>>

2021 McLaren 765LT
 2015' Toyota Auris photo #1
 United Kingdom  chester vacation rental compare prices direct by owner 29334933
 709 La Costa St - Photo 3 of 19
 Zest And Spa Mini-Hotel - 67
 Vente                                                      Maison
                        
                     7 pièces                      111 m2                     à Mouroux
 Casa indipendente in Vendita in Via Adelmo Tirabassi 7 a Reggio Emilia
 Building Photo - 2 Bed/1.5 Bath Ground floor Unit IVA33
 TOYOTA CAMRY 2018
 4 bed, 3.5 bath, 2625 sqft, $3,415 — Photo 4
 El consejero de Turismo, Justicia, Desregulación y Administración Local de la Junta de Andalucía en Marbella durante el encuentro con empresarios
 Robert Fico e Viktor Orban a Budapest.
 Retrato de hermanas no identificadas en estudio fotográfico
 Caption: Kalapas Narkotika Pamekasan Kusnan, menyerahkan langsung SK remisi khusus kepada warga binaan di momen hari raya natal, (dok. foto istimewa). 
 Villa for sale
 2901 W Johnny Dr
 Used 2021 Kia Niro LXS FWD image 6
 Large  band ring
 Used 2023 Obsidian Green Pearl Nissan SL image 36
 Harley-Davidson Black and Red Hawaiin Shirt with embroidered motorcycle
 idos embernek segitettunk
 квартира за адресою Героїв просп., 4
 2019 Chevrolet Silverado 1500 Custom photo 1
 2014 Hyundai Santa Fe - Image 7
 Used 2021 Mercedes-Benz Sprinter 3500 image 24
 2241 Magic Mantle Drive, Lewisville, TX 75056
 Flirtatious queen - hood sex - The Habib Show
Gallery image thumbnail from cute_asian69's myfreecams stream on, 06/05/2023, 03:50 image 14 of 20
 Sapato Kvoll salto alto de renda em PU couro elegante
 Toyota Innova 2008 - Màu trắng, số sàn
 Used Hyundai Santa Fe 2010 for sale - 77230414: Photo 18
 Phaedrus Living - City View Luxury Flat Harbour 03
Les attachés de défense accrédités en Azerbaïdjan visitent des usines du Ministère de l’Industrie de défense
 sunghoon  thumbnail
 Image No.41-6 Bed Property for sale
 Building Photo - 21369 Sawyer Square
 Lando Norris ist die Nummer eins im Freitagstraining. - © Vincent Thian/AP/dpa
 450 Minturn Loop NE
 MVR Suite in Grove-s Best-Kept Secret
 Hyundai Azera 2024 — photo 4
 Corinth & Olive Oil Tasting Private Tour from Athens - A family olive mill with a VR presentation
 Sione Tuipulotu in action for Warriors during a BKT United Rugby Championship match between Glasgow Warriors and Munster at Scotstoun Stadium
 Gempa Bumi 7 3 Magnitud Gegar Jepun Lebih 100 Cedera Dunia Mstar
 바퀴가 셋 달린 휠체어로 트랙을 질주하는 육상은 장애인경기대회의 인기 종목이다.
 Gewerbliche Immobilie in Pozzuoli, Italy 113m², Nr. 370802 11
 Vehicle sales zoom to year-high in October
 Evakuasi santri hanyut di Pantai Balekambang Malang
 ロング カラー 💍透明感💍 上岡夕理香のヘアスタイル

<<

BRIEF
A faithful copy of the lines from the line containing "квартира за адресою Героїв просп., 4" to the end of the data should be set down, both ends included, and nothing more.

ANSWER FOR THE TASK
 квартира за адресою Героїв просп., 4
 2019 Chevrolet Silverado 1500 Custom photo 1
 2014 Hyundai Santa Fe - Image 7
 Used 2021 Mercedes-Benz Sprinter 3500 image 24
 2241 Magic Mantle Drive, Lewisville, TX 75056
 Flirtatious queen - hood sex - The Habib Show
Gallery image thumbnail from cute_asian69's myfreecams stream on, 06/05/2023, 03:50 image 14 of 20
 Sapato Kvoll salto alto de renda em PU couro elegante
 Toyota Innova 2008 - Màu trắng, số sàn
 Used Hyundai Santa Fe 2010 for sale - 77230414: Photo 18
 Phaedrus Living - City View Luxury Flat Harbour 03
Les attachés de défense accrédités en Azerbaïdjan visitent des usines du Ministère de l’Industrie de défense
 sunghoon  thumbnail
 Image No.41-6 Bed Property for sale
 Building Photo - 21369 Sawyer Square
 Lando Norris ist die Nummer eins im Freitagstraining. - © Vincent Thian/AP/dpa
 450 Minturn Loop NE
 MVR Suite in Grove-s Best-Kept Secret
 Hyundai Azera 2024 — photo 4
 Corinth & Olive Oil Tasting Private Tour from Athens - A family olive mill with a VR presentation
 Sione Tuipulotu in action for Warriors during a BKT United Rugby Championship match between Glasgow Warriors and Munster at Scotstoun Stadium
 Gempa Bumi 7 3 Magnitud Gegar Jepun Lebih 100 Cedera Dunia Mstar
 바퀴가 셋 달린 휠체어로 트랙을 질주하는 육상은 장애인경기대회의 인기 종목이다.
 Gewerbliche Immobilie in Pozzuoli, Italy 113m², Nr. 370802 11
 Vehicle sales zoom to year-high in October
 Evakuasi santri hanyut di Pantai Balekambang Malang
 ロング カラー 💍透明感💍 上岡夕理香のヘアスタイル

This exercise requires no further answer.